* [WHAT TO PRODUCE] Beginning with the line containing "Technic Bush, Red (3713 / 4227155 / 6271820)" and ending with the line containing "Street Fighter V", write out each line of the records below exactly; pictures and lines outside that range are left out.

* [PROVIDED INFORMATION]
══════
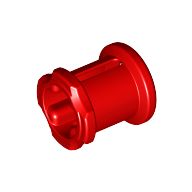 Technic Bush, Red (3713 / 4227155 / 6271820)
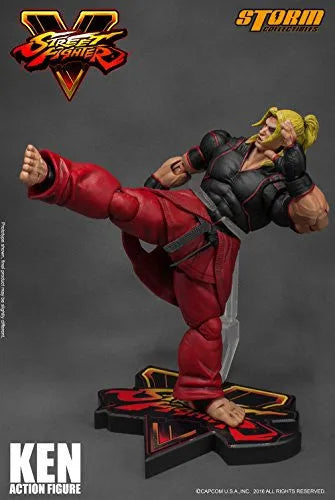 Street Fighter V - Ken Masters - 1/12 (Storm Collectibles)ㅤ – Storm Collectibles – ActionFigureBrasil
══════
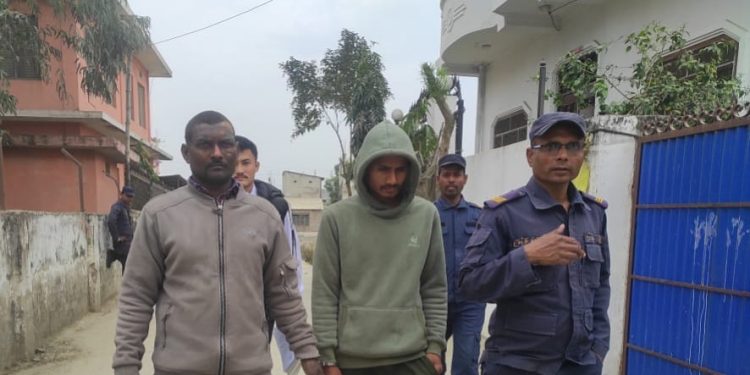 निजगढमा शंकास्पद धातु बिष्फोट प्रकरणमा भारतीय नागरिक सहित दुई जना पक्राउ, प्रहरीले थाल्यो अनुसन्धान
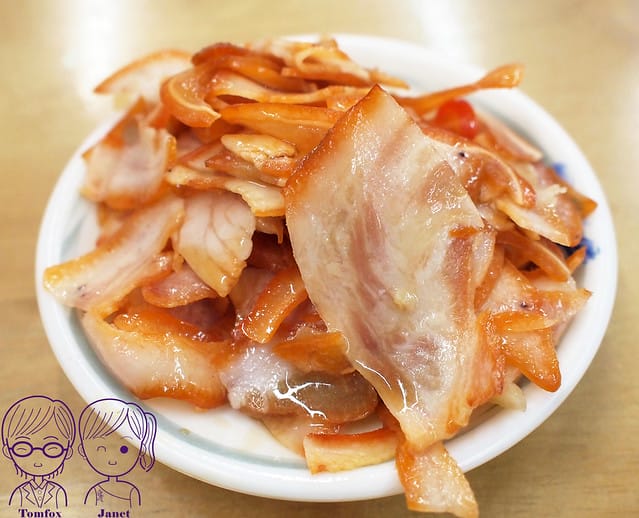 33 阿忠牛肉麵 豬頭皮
══════
* [ANSWER FOR THIS EXERCISE]
 Technic Bush, Red (3713 / 4227155 / 6271820)
 Street Fighter V - Ken Masters - 1/12 (Storm Collectibles)ㅤ – Storm Collectibles – ActionFigureBrasil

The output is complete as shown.